Comparing Two Leaves
In this activity, students will be doing observations outside and working in pairs. With their partners, students will be comparing and contrasting two different types of leaves. After the students are finished, the students will share their findings with each other.
Context for Use
Resource Type: Activities:Classroom Activity, Field Activity
Special Interest: Field-Based Teaching and Learning
Grade Level: Primary (K-2)
Theme: Teach the Earth:Enhancing your Teaching:Teaching in the Field
Description and Teaching Materials
Take students on a nature walk. Stop at a few spots where you can see leaves and have students make observations. During the observation sharing, ask students questions about the leaves. Questions like: What can you tell me about this leaf? How is this different from other leaves? Why is it that shape? During the discussion, go over words that will describe or tell about a leaf. Words like vein, round edges, flat, short, narrow, sharp edges, etc. Then have students find a leaf to take it back to the classroom.

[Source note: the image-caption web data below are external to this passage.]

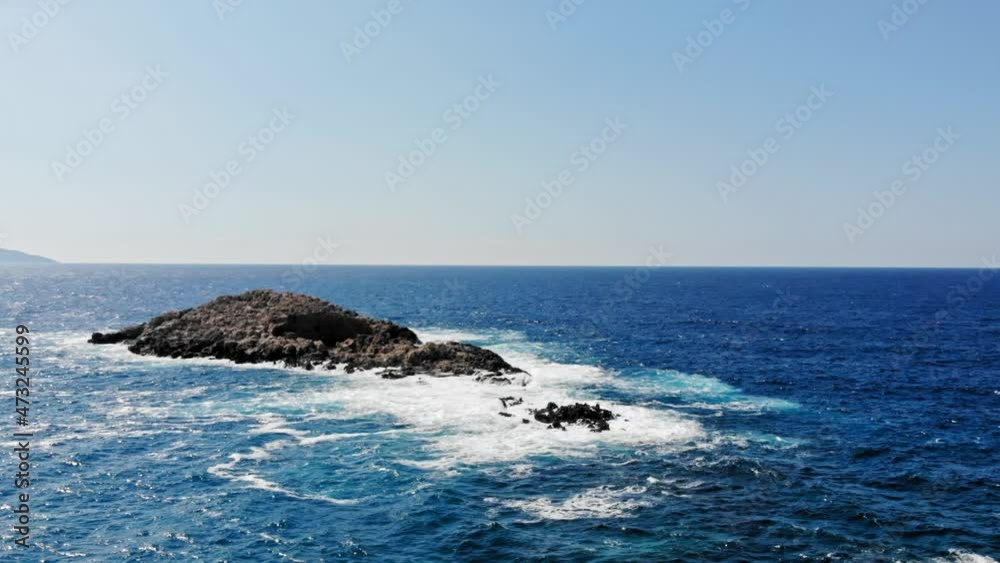 Seascape With Foamy Waves Splashing On Rocks At Jerusalem Beach In Greece - aerial drone shot Seascape With Foamy Waves Splashing On Rocks At Jerusalem Beach In Greece - aerial drone shot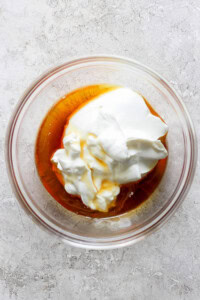 A glass bowl containing Greek yogurt and honey on a textured, light-colored surface.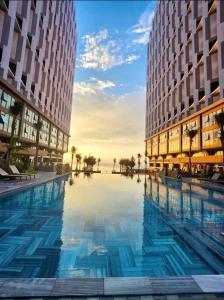 une grande piscine entre deux grands bâtiments dans l'établissement Apec Mui Ne sea view apartment, à Ấp Thiẹn Ái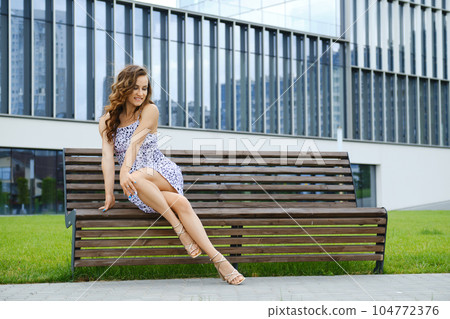 Playful woman in sundress crossed her legs while sitting on bench Playful woman in sundress crossed her legs while sitting on bench 104772376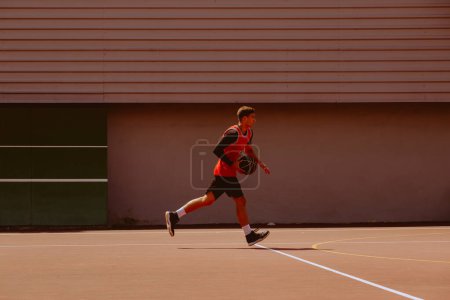 Photo for Male basketball player playing streetball during hot day - Royalty Free Image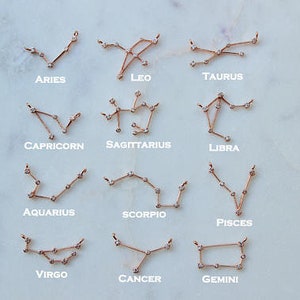 May include: Twelve gold zodiac constellation necklaces with small clear crystals. The constellations are Aries, Taurus, Gemini, Cancer, Leo, Virgo, Libra, Scorpio, Sagittarius, Capricorn, Aquarius, and Pisces.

Have the students write in their journal what they saw the day before. Give the students a chance to share their thoughts and observations. Tell the students to open their journal to a clean page. Have the students glue their leaf on that page. Then have the students label their leaf. When finished, have the students share how they labeled their leaf. Then have the students find a partner and take the students outside to find two different leaves.
1. Have students get together with their partner from the day before.
2. Hand each group their two leaves.
3. Looking at their leaves, have the students ask you questions. As the students are saying the questions, make sure you are writing them on the whiteboard.
4. When you feel that the students have asked you plenty of good questions, then stop and pick three good investigable questions by circling them in a different marker.
5. Have the students look at their leaves and make a prediction.
6. From the three questions, have each group pick a question for their group.
7. Give each student a three-column worksheet to make their observations. One top of the worksheet, there should be Sample A, Share, and Sample B written respectively.
8. Tell the students that you will give them the first ten minutes to observe to with their eyes and write down what they see.
9. After the ten minutes, give each student a hand lens. Give them ten minutes to make their observations with it.
1. Have students transfer their observations from their column worksheet to a Venn diagram.
2. After they are finished with that, have the students write their claims-and-evidence statement.
2 leaves for each group (native to school environment)
Venn diagram worksheet (one for each student)
Three-column worksheet (one for each student)
Teaching Notes and Tips
2. Make sure all components (purpose, prediction, plan, observations, claims and evidence, conclusions and reflection) are taught to the students beforehand.
3. Encourage students to do the observations without help from you, the teacher.